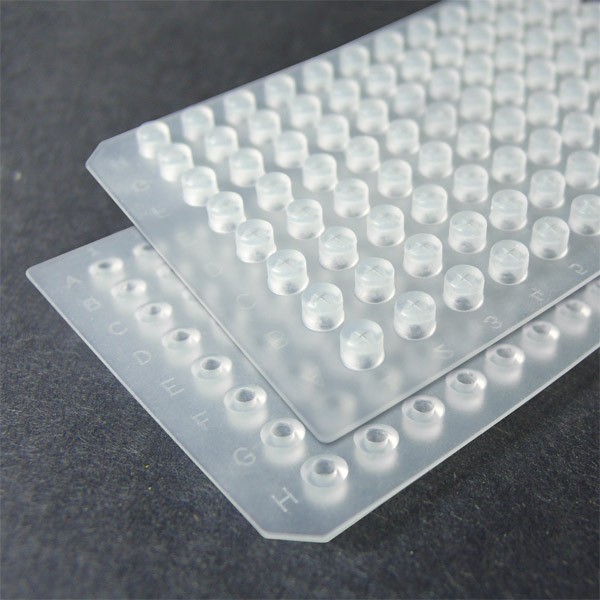 96727-8 6mm Pre-Slit Silicone/PTFE Plug Strips for 96-Well Collection Plates, PCR Plates & Inserts, 8 plugs/strip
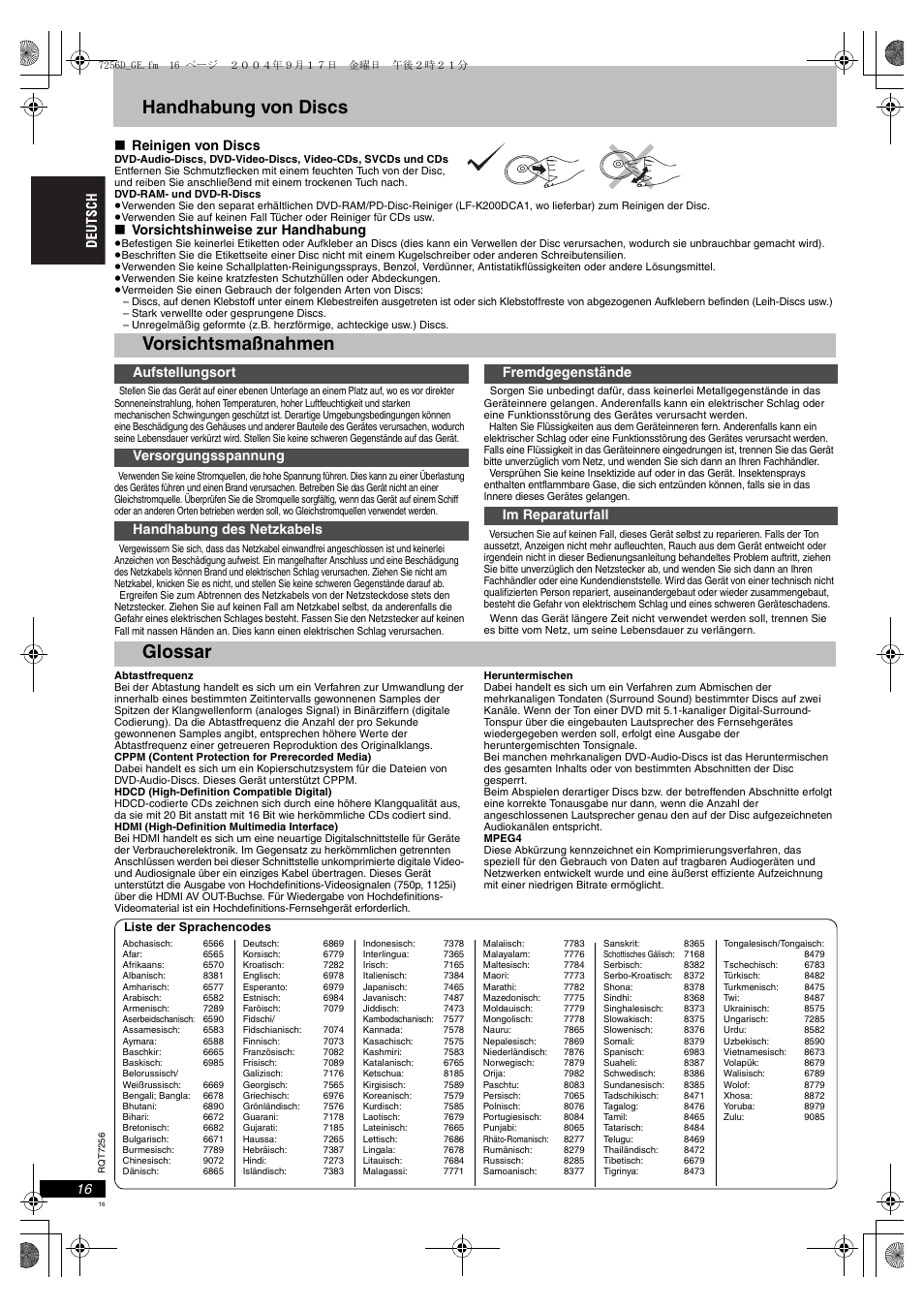 Vorsichtsmaßnahmen glossar, Seite 16, E 16 | Ite 16, glossa, Handhabung von discs, Vorsichtsmaßnahmen, Glossar, Reinigen von discs, Vorsichtshinweise zur handhabung | Panasonic DVDS97EG User Manual | Page 16 / 116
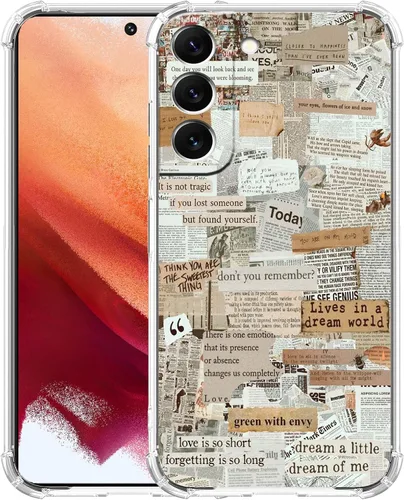 Vista 31 de Funda de collage estético para Samsung Galaxy S21, patrón de citas positivas, funda de TPU suave de moda compatible con Galaxy S21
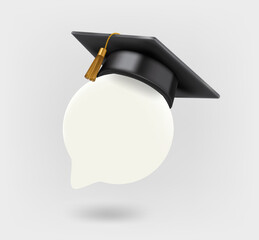 Wall Mural - Black graduation cap with blank speech cloud. 3d vector icon isolated on white background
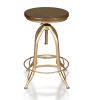 Brown and Gold Solid Wood and Steel Backless Adjustable Height Swivel Bar Chair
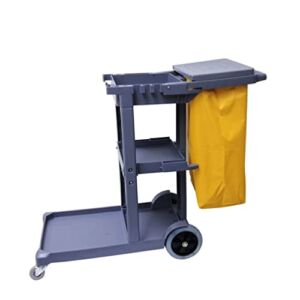 FixtureDisplays® Janitorial Cart Cleanning Cart FOODSERVICE Polyethylene Short Platform, 300 lbs Capacity, 35″ Length X 19″ Width X 39″ Height, Gray 15548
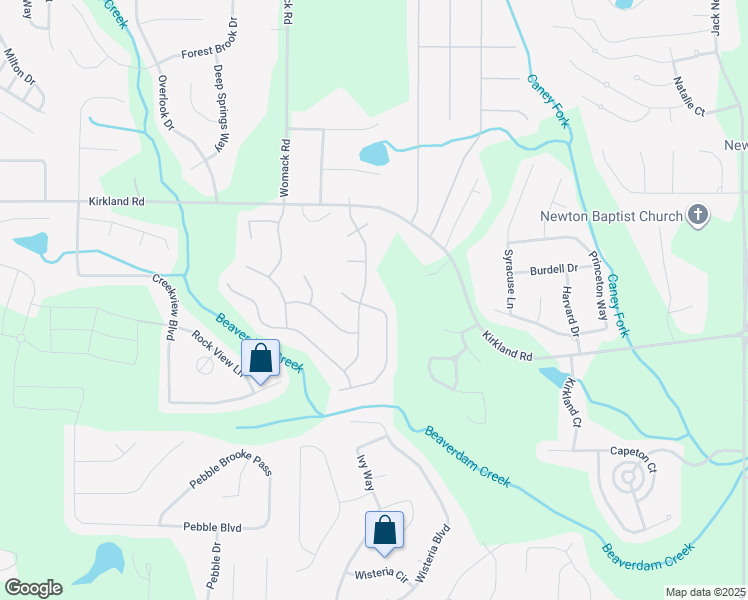 map of restaurants, bars, coffee shops, grocery stores, and more near 250 Meadowbrook Court in Covington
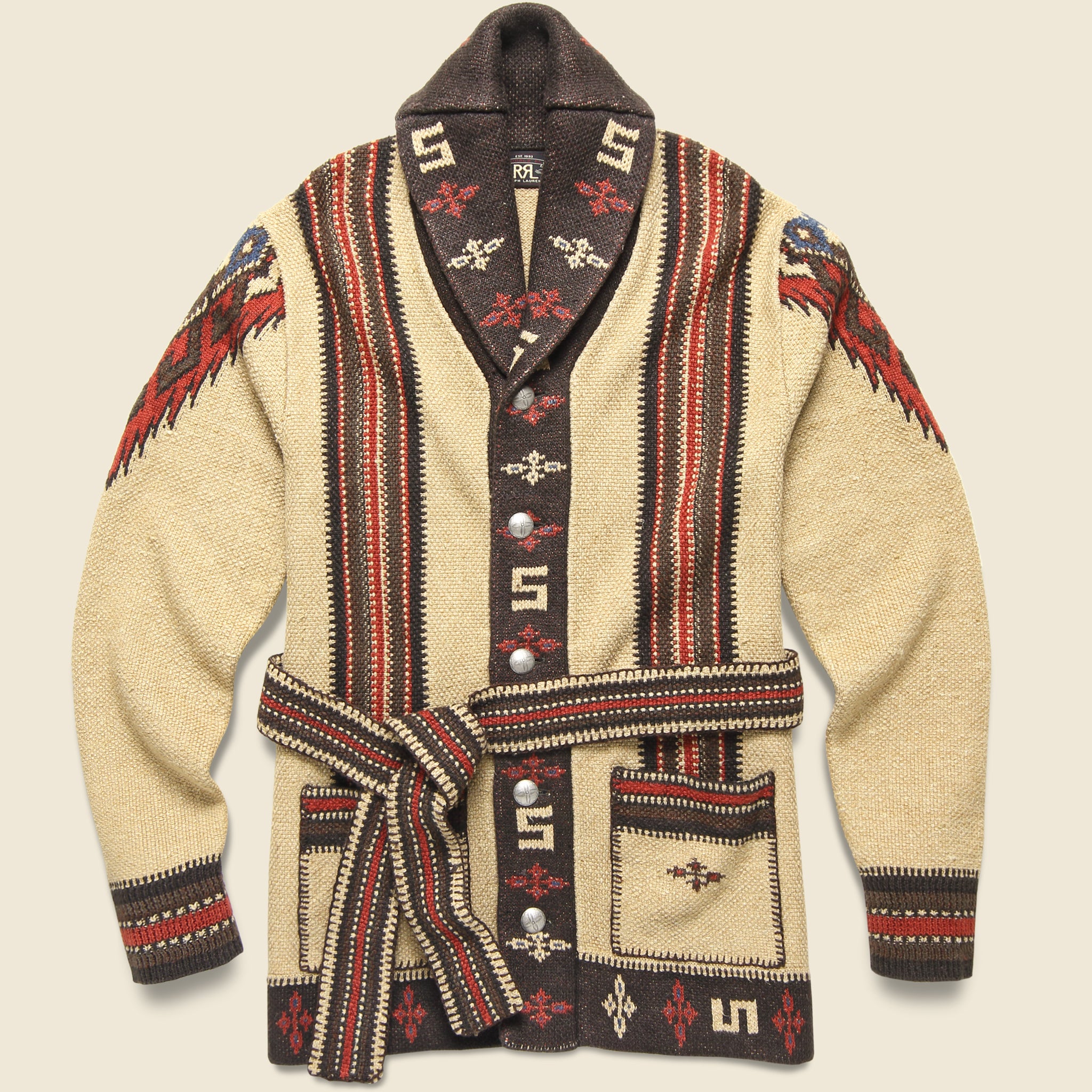 Linen-Blend Belted Cardigan - Tan/Brown/Red Mutli - RRL - STAG Provisions - Tops - Sweater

◆ ◆ ◆ ◆ ◆ ◆ ◆

In the records above, find the line that contains "Wall Mural - Black" and retype it and all lines after it exactly, leaving out any pictures.

Answer box
 Wall Mural - Black graduation cap with blank speech cloud. 3d vector icon isolated on white background
 Brown and Gold Solid Wood and Steel Backless Adjustable Height Swivel Bar Chair
 FixtureDisplays® Janitorial Cart Cleanning Cart FOODSERVICE Polyethylene Short Platform, 300 lbs Capacity, 35″ Length X 19″ Width X 39″ Height, Gray 15548
 map of restaurants, bars, coffee shops, grocery stores, and more near 250 Meadowbrook Court in Covington
 Linen-Blend Belted Cardigan - Tan/Brown/Red Mutli - RRL - STAG Provisions - Tops - Sweater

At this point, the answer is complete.